Jimmy Wales:
How accurate is the metadata at flickr? Presumably for photos that people take themselves and upload, it is 100% accurate by definition.
But I worry about copyvios at Flickr leaking into Commons.
The metadata at Flickr is decent, if very POV and personal. Photographers often tell little stories about how a photo came to be. Some tags are a bit silly -- for some reason, people feel the need to tag all their photos with "photo", or with their first name.
It's important to recognize that Flickr is first of all used as a repository for people to directly upload photos from their digital cameras to the Net. As such, there is an abundance of wedding and birthday photos, holiday and tourist shots, road trip series, and the like.
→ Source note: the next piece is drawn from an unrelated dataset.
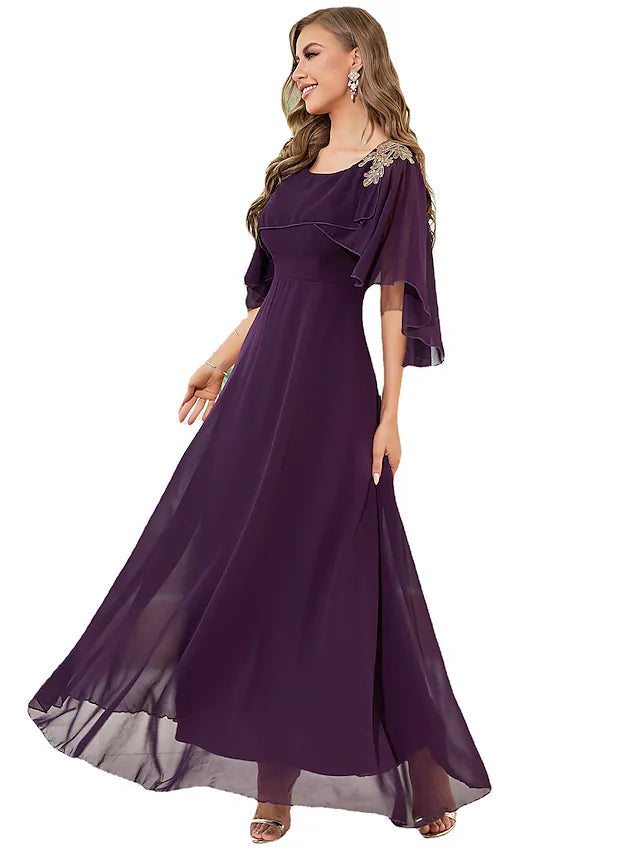 A-Line Wedding Guest Dresses Elegant Dress Party Wear Floor Length Half Sleeve Jewel Neck Chiffon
Many photos are part of such a sequence.
This is very different from the Commons, where the primary usage pattern is "I want to put this image in an article", and newbies tend to resort very liberally to external, copyrighted content to do so. A very rigorous content screening process also seems to keep Flickr clean both of porn and copyright violations.
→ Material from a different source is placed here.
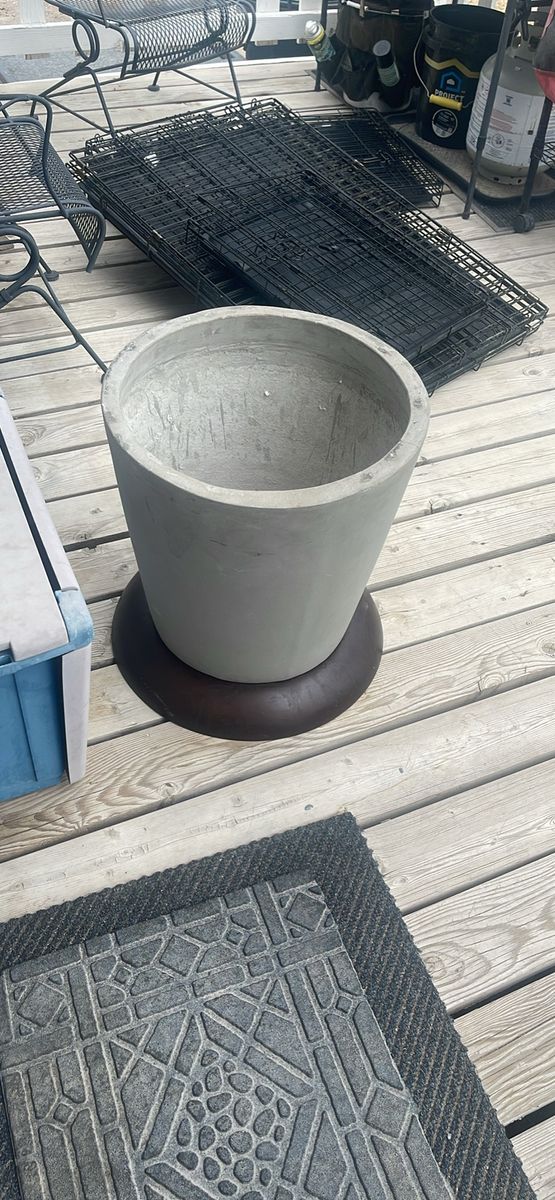 Large Round Gray Concrete Planter with Wood Base - Used Garden Pot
From the point of view of the FlickrLickr project, it helps that we are processing the content oldest first. The material we are looking through at the moment has been on Flickr for more than a year. Most copyright questions I've had to think about in the first few batches were more of the kind: "Is it OK for a logo to be visible in this shot?" "Is this sculpture copyrighted?"
Finally, at the moment, every batch is reviewed twice (the preselection by the FlickrLickr user, and the final pre-upload copyedit by myself). This has already led to a number of problem cases being filtered, such as a photo taken from Indymedia and uploaded to Flickr under CC-BY with the note "from Indymedia". I think we can handle the copyright issue, using common sense and good judgment.
But if we're importing large quantities of questionably-licensed data from Flickr, and then Flickr bans the person for doing something wrong, how do we know about it?
Should there be a truly dramatic case of someone managing to get away with uploading hundreds of copyvios over a year or so, there's a chance we'll hear about it - but if we want to be really sure, it would be cool if Flickr could make its user block or deletion log visible somehow.
I've sent you a FlickrLickr account by separate mail. I'll also write a little report after we've finished looking through the first 10,000 images.
Best,
Erik